*** Data under study Section Begins ***
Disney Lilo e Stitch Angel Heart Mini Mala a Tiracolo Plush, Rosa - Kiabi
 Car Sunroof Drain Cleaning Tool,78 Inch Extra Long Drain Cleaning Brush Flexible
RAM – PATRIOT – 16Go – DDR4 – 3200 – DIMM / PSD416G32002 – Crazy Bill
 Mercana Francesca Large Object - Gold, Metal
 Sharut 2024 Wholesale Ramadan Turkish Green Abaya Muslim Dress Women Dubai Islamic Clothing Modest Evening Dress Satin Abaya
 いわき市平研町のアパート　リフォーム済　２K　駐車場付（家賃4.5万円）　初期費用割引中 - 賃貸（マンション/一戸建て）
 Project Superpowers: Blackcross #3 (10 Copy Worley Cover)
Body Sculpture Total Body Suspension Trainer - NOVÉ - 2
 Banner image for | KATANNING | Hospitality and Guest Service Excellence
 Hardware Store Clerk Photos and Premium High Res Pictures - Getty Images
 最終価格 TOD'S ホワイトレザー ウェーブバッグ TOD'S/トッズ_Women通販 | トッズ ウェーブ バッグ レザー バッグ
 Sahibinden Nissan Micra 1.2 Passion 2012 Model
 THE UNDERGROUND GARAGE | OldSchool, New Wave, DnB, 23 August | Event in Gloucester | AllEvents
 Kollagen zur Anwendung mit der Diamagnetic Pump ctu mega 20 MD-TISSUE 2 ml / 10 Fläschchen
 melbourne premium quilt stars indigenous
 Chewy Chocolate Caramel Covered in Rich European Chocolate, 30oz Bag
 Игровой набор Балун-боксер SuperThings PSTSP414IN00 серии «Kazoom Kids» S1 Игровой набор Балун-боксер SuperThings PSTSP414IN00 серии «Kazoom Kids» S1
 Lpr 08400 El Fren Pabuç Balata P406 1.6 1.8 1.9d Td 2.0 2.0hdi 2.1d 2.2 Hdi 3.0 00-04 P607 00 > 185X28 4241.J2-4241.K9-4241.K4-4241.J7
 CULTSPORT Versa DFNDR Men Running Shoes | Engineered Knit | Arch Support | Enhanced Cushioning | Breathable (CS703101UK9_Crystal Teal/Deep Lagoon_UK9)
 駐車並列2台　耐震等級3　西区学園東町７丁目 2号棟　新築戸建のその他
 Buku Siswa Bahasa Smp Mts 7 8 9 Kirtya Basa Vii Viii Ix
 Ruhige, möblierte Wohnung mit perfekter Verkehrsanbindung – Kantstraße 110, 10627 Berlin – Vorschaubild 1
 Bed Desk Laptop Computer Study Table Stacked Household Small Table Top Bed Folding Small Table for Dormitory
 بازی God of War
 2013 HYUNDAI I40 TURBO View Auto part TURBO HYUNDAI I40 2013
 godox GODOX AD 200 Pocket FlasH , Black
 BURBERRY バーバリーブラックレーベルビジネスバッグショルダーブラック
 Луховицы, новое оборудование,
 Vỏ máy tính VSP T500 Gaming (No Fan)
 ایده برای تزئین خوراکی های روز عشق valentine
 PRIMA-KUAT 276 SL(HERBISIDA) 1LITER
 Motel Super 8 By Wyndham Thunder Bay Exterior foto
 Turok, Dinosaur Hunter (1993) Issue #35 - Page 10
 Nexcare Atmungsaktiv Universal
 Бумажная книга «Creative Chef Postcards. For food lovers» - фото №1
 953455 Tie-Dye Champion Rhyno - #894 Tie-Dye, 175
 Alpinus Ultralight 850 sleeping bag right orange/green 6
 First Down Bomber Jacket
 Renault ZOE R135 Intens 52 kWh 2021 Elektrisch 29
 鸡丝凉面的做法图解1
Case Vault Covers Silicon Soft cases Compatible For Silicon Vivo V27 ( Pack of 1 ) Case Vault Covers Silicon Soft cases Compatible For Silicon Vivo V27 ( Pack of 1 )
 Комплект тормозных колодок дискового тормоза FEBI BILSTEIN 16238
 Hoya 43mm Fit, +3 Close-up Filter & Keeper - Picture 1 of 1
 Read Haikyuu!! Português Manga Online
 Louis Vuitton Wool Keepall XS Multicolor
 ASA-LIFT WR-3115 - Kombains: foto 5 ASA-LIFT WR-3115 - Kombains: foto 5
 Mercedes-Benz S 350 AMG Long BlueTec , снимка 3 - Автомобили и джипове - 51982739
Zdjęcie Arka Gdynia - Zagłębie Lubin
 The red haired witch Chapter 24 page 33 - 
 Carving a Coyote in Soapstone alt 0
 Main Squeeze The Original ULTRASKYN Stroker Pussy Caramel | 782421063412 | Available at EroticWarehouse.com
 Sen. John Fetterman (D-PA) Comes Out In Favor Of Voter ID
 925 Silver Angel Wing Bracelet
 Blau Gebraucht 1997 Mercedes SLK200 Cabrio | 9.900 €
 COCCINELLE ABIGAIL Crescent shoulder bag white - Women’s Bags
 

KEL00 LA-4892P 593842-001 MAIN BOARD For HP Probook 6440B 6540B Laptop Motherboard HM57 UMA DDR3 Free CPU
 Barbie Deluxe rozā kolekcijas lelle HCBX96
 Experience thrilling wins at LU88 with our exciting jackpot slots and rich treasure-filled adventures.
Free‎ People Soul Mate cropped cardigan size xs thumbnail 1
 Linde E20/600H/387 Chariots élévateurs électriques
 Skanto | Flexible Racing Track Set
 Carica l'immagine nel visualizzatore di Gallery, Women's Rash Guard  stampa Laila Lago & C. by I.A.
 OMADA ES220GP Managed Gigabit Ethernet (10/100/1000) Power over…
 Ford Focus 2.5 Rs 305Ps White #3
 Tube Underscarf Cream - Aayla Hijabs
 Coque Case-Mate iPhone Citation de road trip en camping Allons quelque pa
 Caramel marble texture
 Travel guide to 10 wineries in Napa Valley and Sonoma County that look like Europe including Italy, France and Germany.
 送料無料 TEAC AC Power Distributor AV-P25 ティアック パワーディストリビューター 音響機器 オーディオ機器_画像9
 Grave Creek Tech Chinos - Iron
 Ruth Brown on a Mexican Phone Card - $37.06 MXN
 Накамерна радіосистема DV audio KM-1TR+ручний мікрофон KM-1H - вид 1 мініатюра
*** Data under study Section Ends ***
Each line in the data that holds the string "Long" should be found and copied.

 Car Sunroof Drain Cleaning Tool,78 Inch Extra Long Drain Cleaning Brush Flexible
 Mercedes-Benz S 350 AMG Long BlueTec , снимка 3 - Автомобили и джипове - 51982739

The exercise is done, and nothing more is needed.